And it seemed to be working as last night he claimed victory in his tightly-fought Senate race with Republican George Allen, even though a recount now looks to be on the cards.
Throughout the heavily Ulster-Scots mountain towns of Virginia, Mr Webb referred time and time again to his book, 'Born Fighting, How The Scots-Irish Shaped America', telling supporters that they had built America, yet their ethnic background had been deliberately besmirched by the establishment in favour of more "politically correct" ethnic groups.
His view of US history has been a huge hit with voters, particularly in the Scots-Irish strongholds in southwest Virginia.
It helped him close in on the incumbent Mr Allen, who looked certain to win the race at the start of the election.

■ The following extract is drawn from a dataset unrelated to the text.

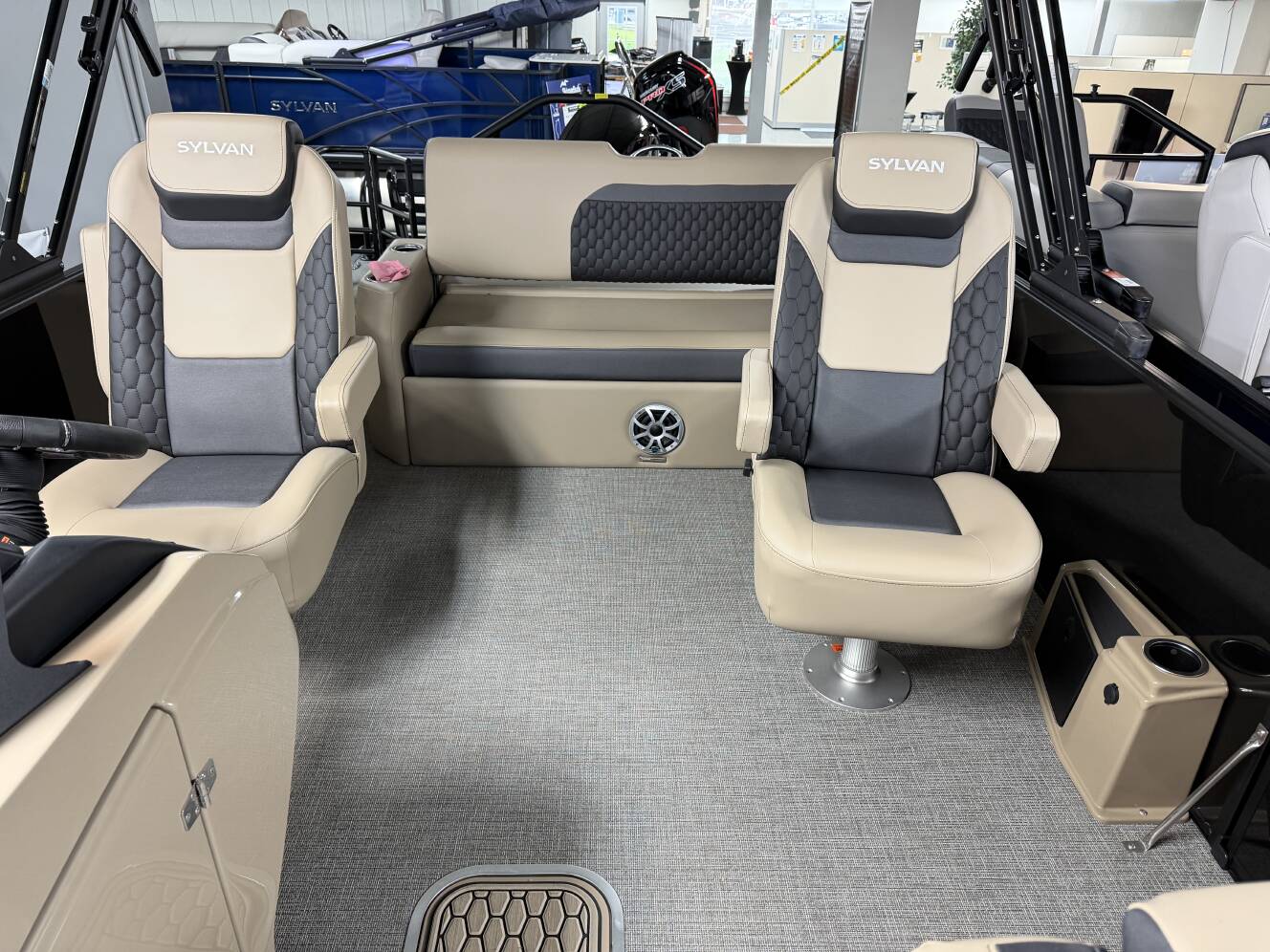 A photo of this 2026 Sylvan L-3 ULZ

Mr Webb's "love your inner Ulster Scot" message also won some big-name supporters - most noticeably commentator Christopher Hitchens in the Wall Street Journal, who wrote that Mr Webb "is right to stress the huge rage felt by those of Scots-Irish provenance who feel that they have borne the heat and burden of the day in America's wars, and been rewarded with disdain".
Mr Webb is a hugely contradictory - an anti-war candidate who revels in celebrating the military and who toasted his son's departure for Iraq as a US marine.

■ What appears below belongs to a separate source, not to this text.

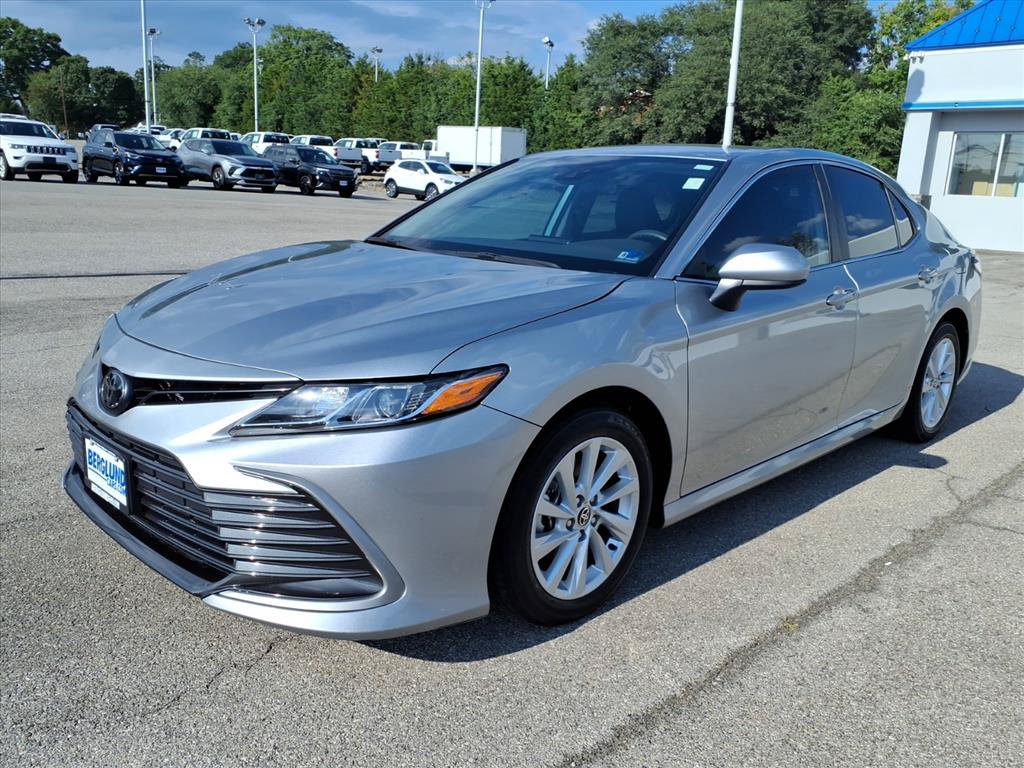 Used 2024 Toyota Camry LE FWD image 8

Mr Webb is nominally a Democrat yet was Republican president Reagan's navy secretary - a fact he used time and again in his campaign commercials.
His basic Scots-Irish message pulls these contradictory strands together with a new message: "The Scots-Irish were pushed out of Scotland, battled Catholics in Ireland, came to the US where they fought everyone from native Americans to the French and were packed overseas to fight the Germans, the Viet Cong and the Iraqis and what do you have to show for it? You're treated as Bible-thumping rednecks by cultural elitists in Hollywood, New York and Washington."
It's a message that has proved to be political dynamite in the Republican heartland, leaving many Republicans and moderate Democrats to ask why they didn't tap into this resentment a long time ago.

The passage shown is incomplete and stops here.